The very best of Shopska salad is to be found in Skopje - or at least that's what the waiter tries to convince me in Macedonia Square on one of the city-centre terraces. At first glance it looks like a Greek salad topped with cheese, but it includes Serbian style slices of grilled paprika with extra-hot red peppers and two half-eggs. This version of the Bulgarian salad is a real Skopje invention: a little bit Greek, a little bit Turkish, a little bit south Slav, but still with something individual and unique.

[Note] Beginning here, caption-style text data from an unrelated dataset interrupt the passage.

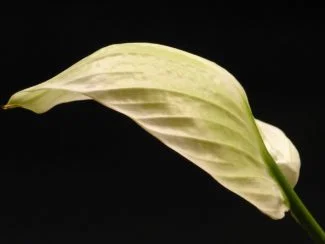 Hoja con tonos marrones. uno de los problemas típicos del Lirio de la Paz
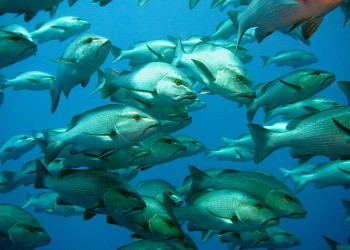 Шарм-эль-Шейх, Египет, фото № 35696 – фотографии Египта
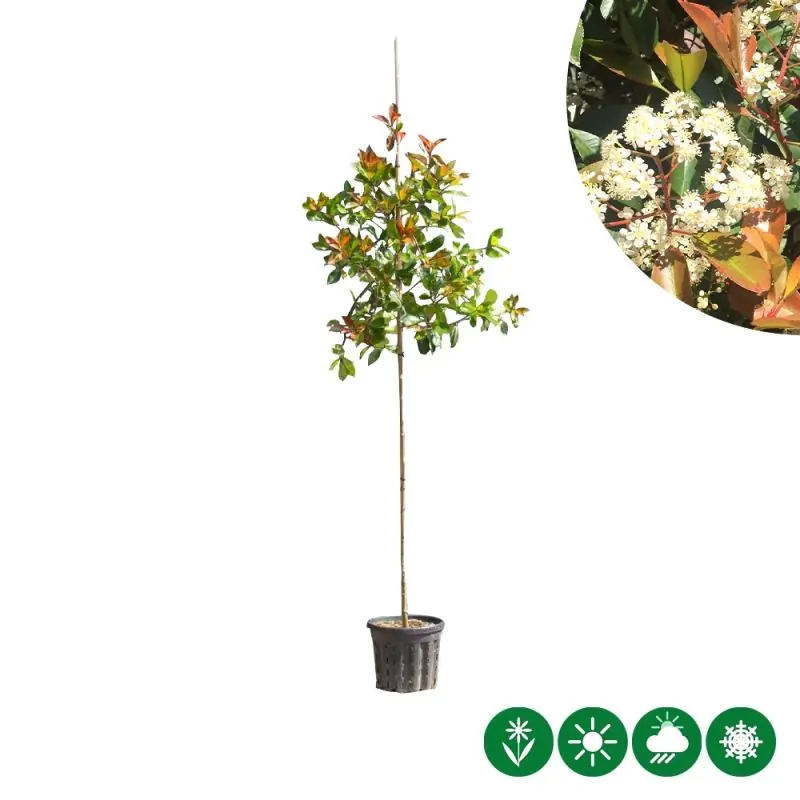 Photinia Red Robin - Topprijs
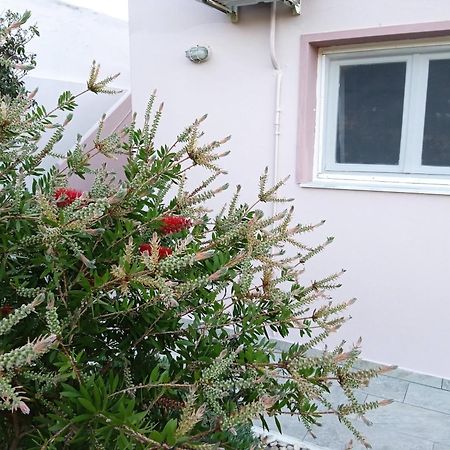 Andros Lighthouse Apartments Mesaria  Exterior foto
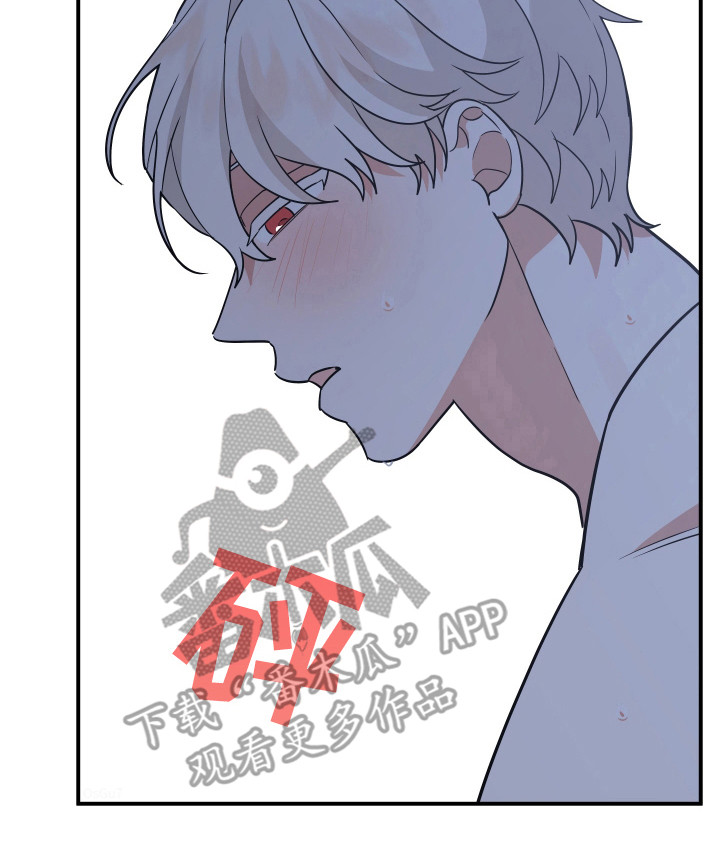 我亲爱的敌人漫画,第14章：不记得5图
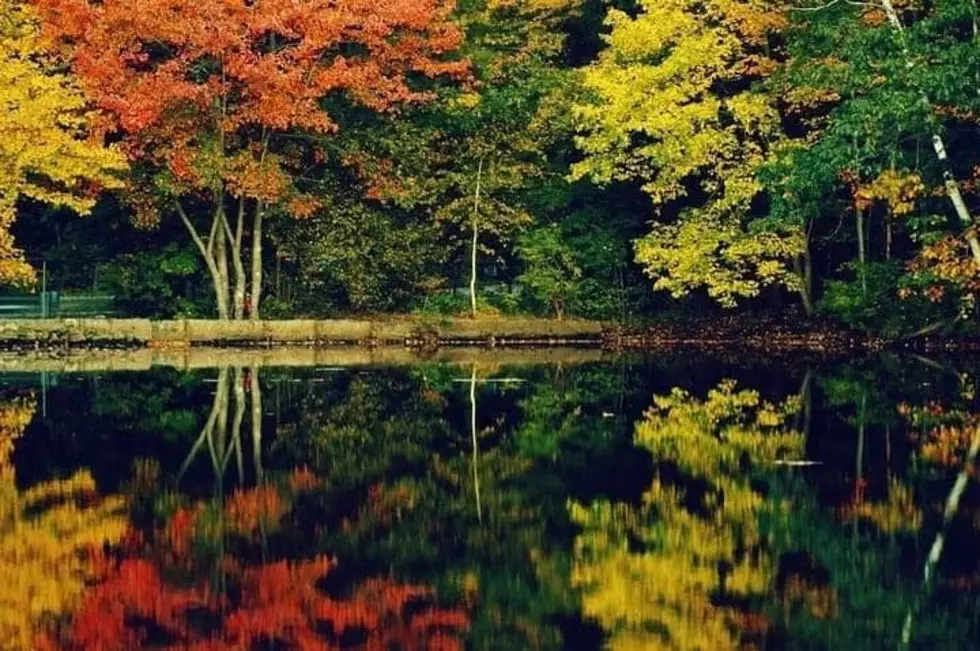 10 Photos of Breathtaking Fall Foliage Around Maine and New Hampshire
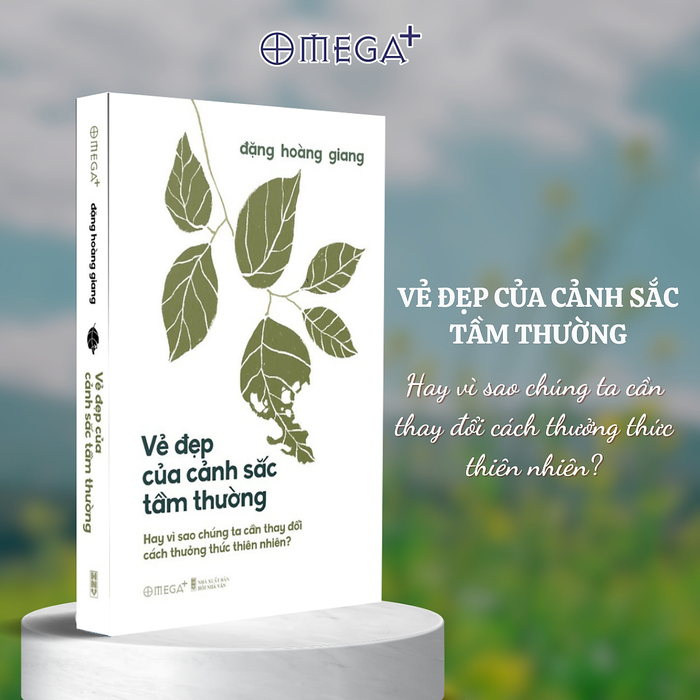 Vẻ Đẹp Của Cảnh Sắc Tầm Thường - Hay Vì Sao Chúng Ta Cần Thay Đổi Cách Thưởng Thức Thiên Nhiên? (Đặng Hoàng Giang) - Omega Plus Vẻ Đẹp Của Cảnh Sắc Tầm Thường - Hay Vì Sao Chúng Ta Cần Thay Đổi Cách Thưởng Thức Thiên Nhiên? (Đặng Hoàng Giang) - Omega Plus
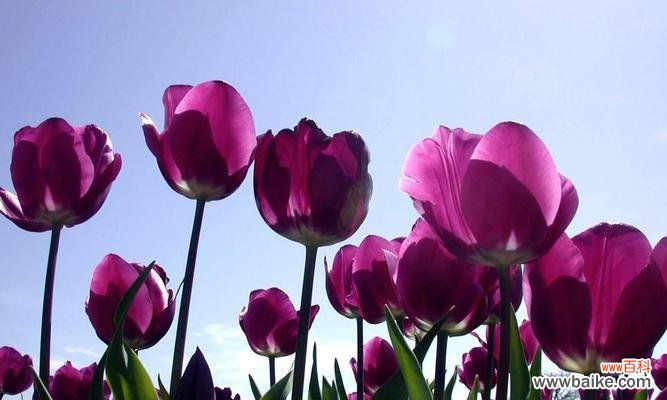 探究郁金香的象征意义及传达的情感 郁金香的寓意和花语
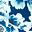 Navy Floral Burst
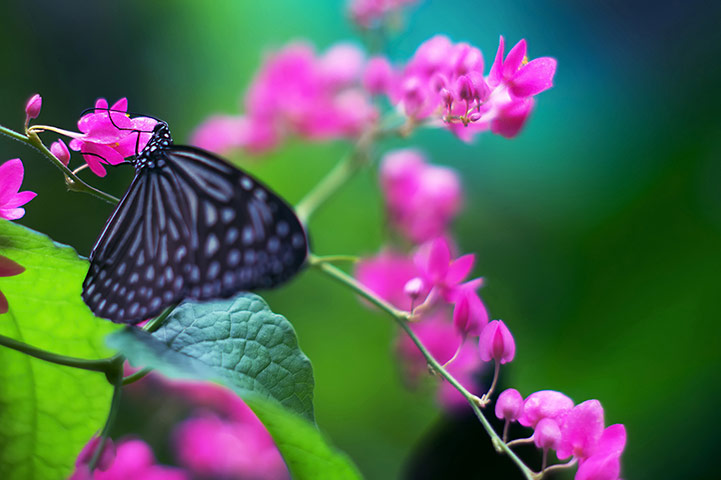 Feb BT gallery: Butterfly Park in Kuala Lumpur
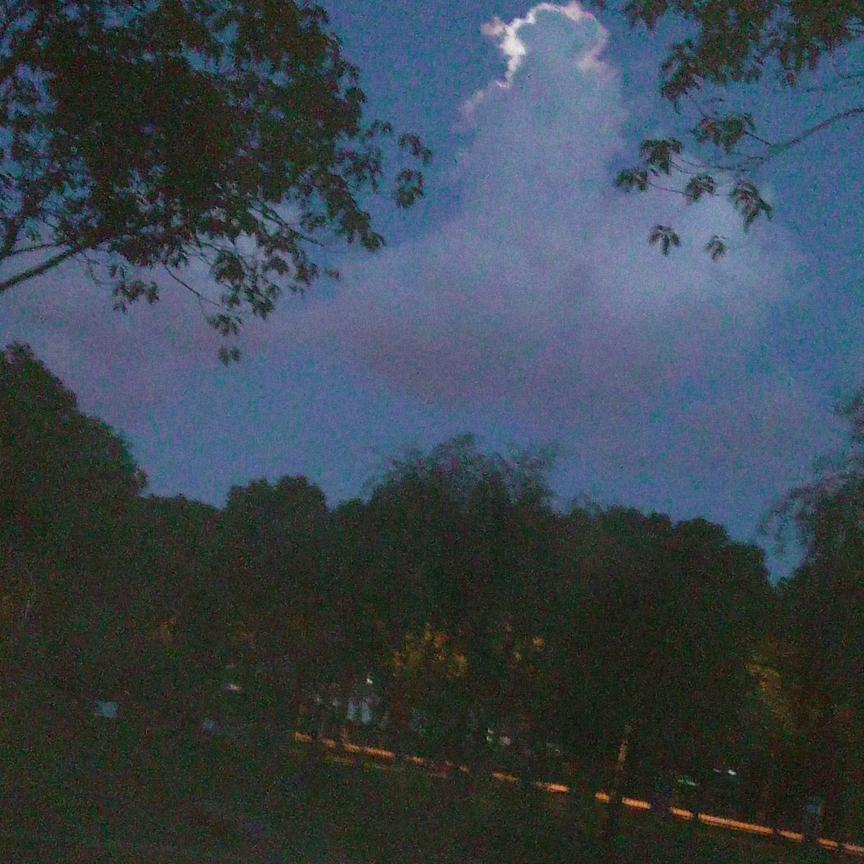 此时无声胜有声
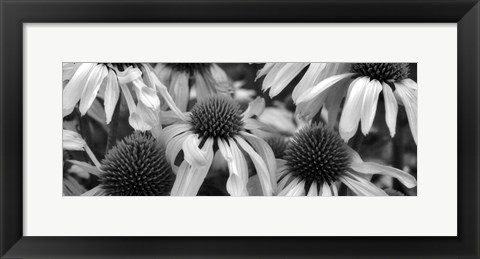 Framed Echinacea Sunrise Print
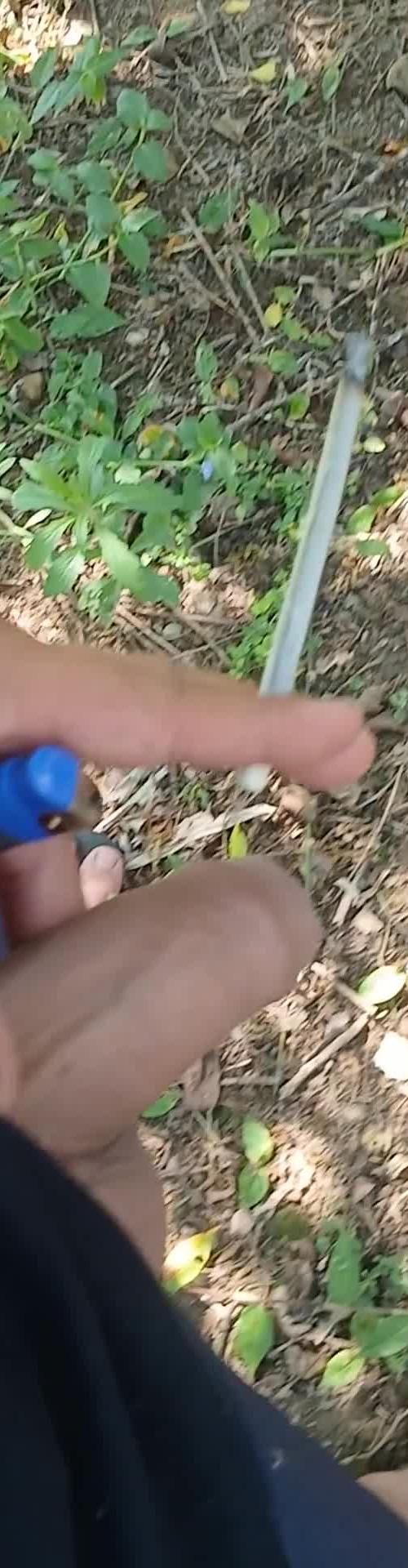 Mídia de jack54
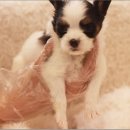 스타일독 이미지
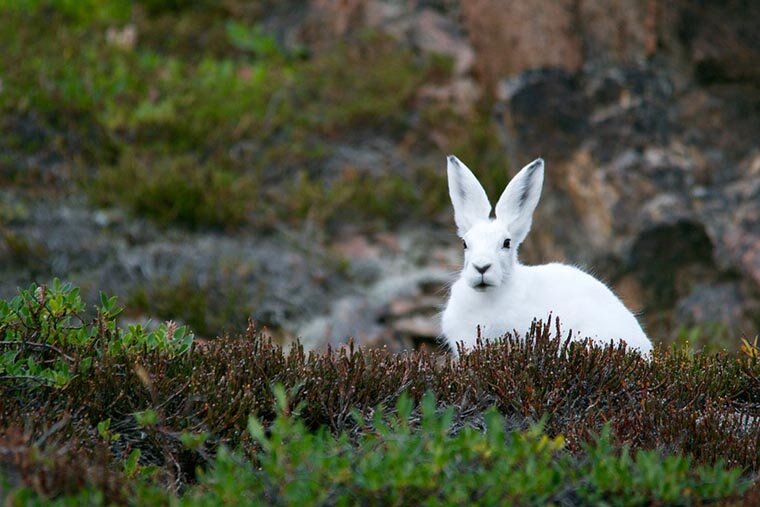 Заяц-беляк – типичный обитатель тундры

Skopje lies at the crossroads of various cultures but has its own, individual flavour. Opposite the terrace, in the middle of the square, a black plaque commemorates the most famous daughter of the of the city, Agnes Gondxha Bojaxhiura, whom the world was to know simply as Mother Theresa. She was often asked whether she regarded herself as Albanian, Macedonian, Serbian, Turkish or Vlach. She answered, like many young people in Skopje do today:
"I regard myself as a citizen of Skopje, who belongs to the whole world." Mother Theresa was born in 1910 at the beginning of a troubled century, with storms sweeping through the region again and again leaving their indelible mark on the city. In this crossroads of nation there is just one construction that has survived every onslaught of history: the stone bridge that connects the square with the district known as the "Turkish town" on the other side of the Vardar river.
On sunny afternoons the bridge belongs to the occasional couple taking a stroll by the river, but by evening the place really comes alive with locals who emerge to enjoy the cool air by the Vradar. The first bridge was built in the sixth century, although its present appearance took shape under Sultan Murat II in the fifteenth century. The so-called White Road, named after the white cotton that fell from the camel caravans that used it, ran across the bridge (the last camel in Skopje is supposed to have been taken in 1937 by a Czech circus...) As late as 1911 the bridge was used by a Turkish sultan: as 520 years of Turkish rule came to an end Sultan Mohamed V drove across the bridge in his carriage to visit the Field of Blackbirds. He took a last glance at the sites of pars Turkish glory and disappeared from Skopje, along with his Turkish soldiers.
But not without trace. From the bridge one has a view over the hillside dotted with the crescents that top the spires of the mosques and minarets used by Albanian-speaking Muslims. There are Turkish bakeries, and from the river can be heard loud Turkish music coming from the teeming marketplace. Despite fires, wars, and the devastating earthquake of 1963, the Turkish quarter has managed to preserve its original character. Kebab shops run by Albanian or Slav speakers stand next-door to the dark workshops of traditional Balkan artisans. There are stall selling vegetables, counterfeit designer sportswear, Japanese electronic goods, and sickly-sweet Turkish Delight. In one multicultural café a Swedish tourist decides to try every type of coffee on offer. He gives up at the Albanian, but by that time he has downed a Greek iced coffee, a muddy Turkish coffee, an Italian cappuccino, a syrupy Macedonian coffee and a Serbian coffee that you could stand your spoon up in.
From the hill above the gigantic fifteenth-century baths of Daut Pasha there is a wonderful view over the modern city on the other side of the Vardar. On 26 July 1963 Skopje was devastated by two major and several dozen minor earthquakes. Half of the city's buildings were destroyed: of the thirty-seven thousand houses that existed at the time sixteen thousand collapsed and the entire downtown area was devastated. Viewed from above, the city centre today is a showcase of modern architecture. In the flattened area glass places and concrete buildings emerged from the earth, along with modern orthodox churches, from the dark doorways of which one can hear Gregorian chants. Nevertheless, the narrow streets and cafes found between the new buildings preserve the genuine Balkan atmosphere that has survived the centuries of turmoil.
By evening the centre of the town is teeming and the silent stone bridge continues, as it has done for centuries, to bear the stampede of the crowds who are drawn there to walk, gossip, argue and kiss.